#### Required work
Will you write out the data exactly, excluding every picture?

#### Supplied material
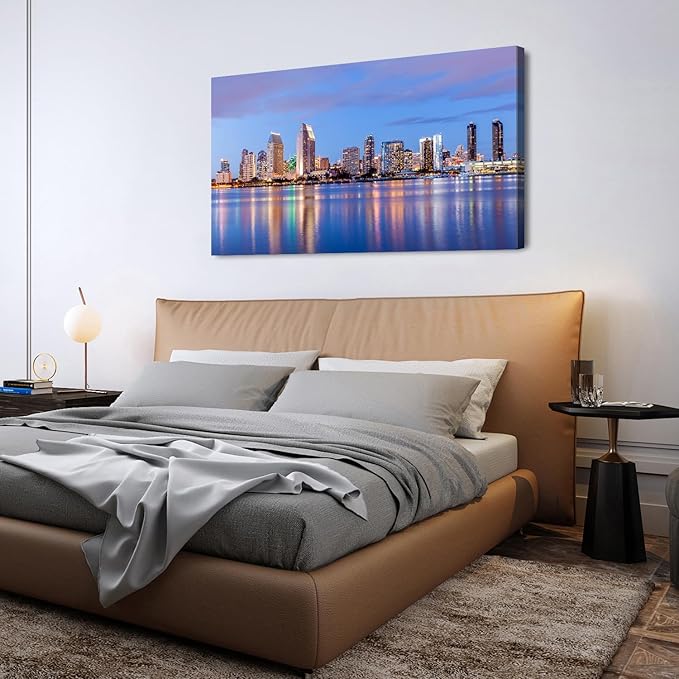 San Diego City Wall Art USA Cityscape Wall Decor Sunset San Diego Skyline Canvas Prints Picture California Night View Painting Poster Modern Artwork for Bedroom Living Room Home Decorations 24x48”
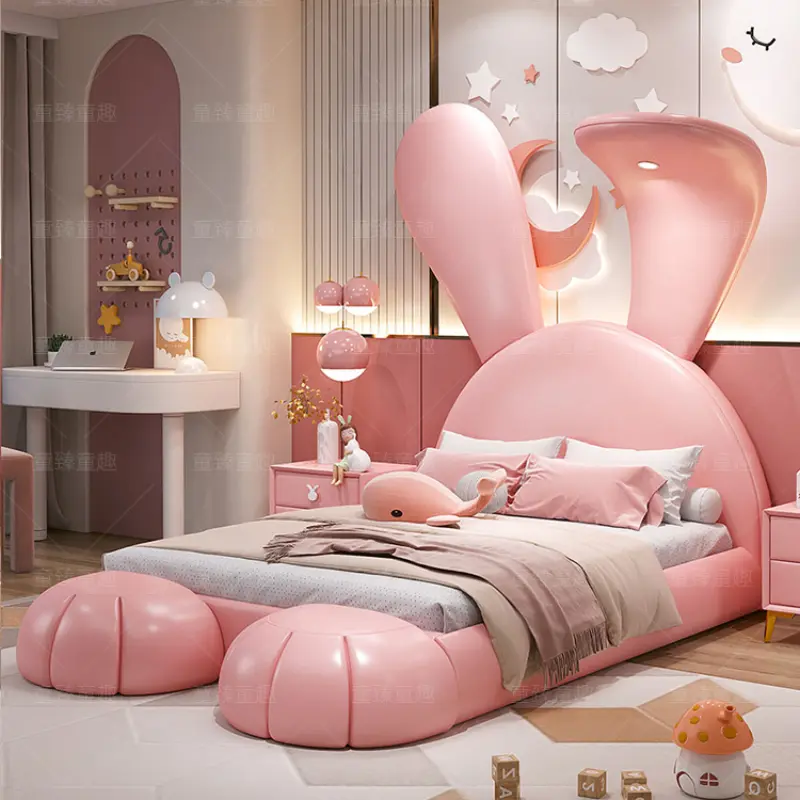 Animal Shape Childrens Double Bed Girls Pretty Light Luxury Bed Kids Princess Cama Infantil Furniture Home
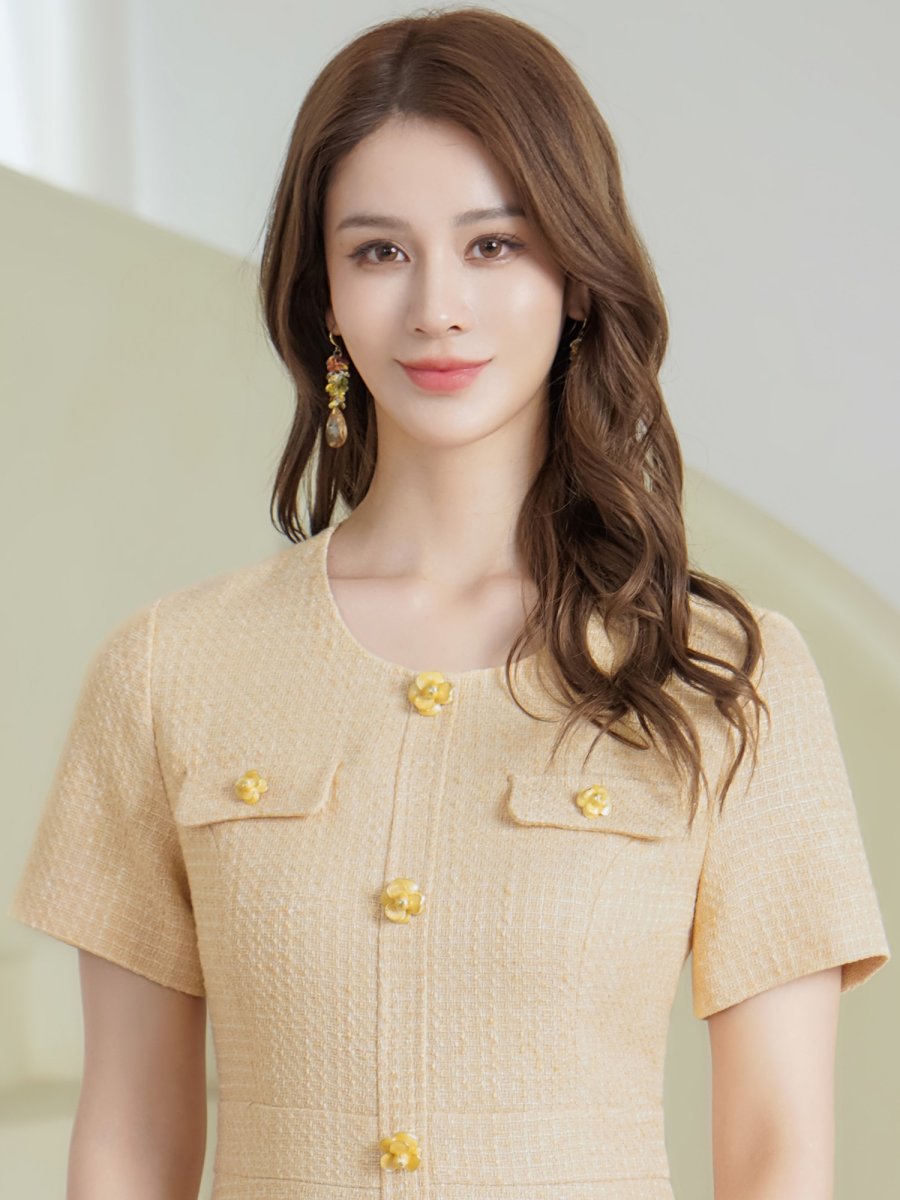 画像4: [ XS-Lサイズ / 2カラー][ERUKEI/GINZA COUTURE]半袖・Aライン・お花ボタン・フェイクポケット・ミニドレス・ワンピース[送料無料] (4)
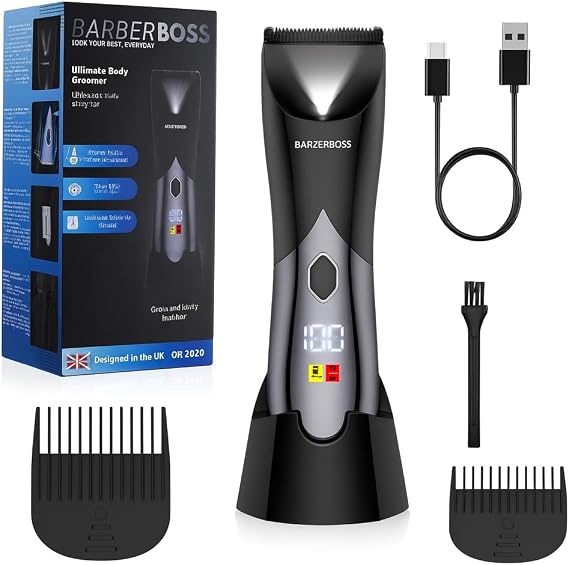 BarberBoss Men’s Body Groomer, Beard Trimmer, Wet/Dry Electric Shaver for Chest, Groin & Intimate Areas, Waterproof Design with Dual-Speed, Travel Lock & Charging Stand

#### The completed task
 San Diego City Wall Art USA Cityscape Wall Decor Sunset San Diego Skyline Canvas Prints Picture California Night View Painting Poster Modern Artwork for Bedroom Living Room Home Decorations 24x48”
 Animal Shape Childrens Double Bed Girls Pretty Light Luxury Bed Kids Princess Cama Infantil Furniture Home
 画像4: [ XS-Lサイズ / 2カラー][ERUKEI/GINZA COUTURE]半袖・Aライン・お花ボタン・フェイクポケット・ミニドレス・ワンピース[送料無料] (4)
 BarberBoss Men’s Body Groomer, Beard Trimmer, Wet/Dry Electric Shaver for Chest, Groin & Intimate Areas, Waterproof Design with Dual-Speed, Travel Lock & Charging Stand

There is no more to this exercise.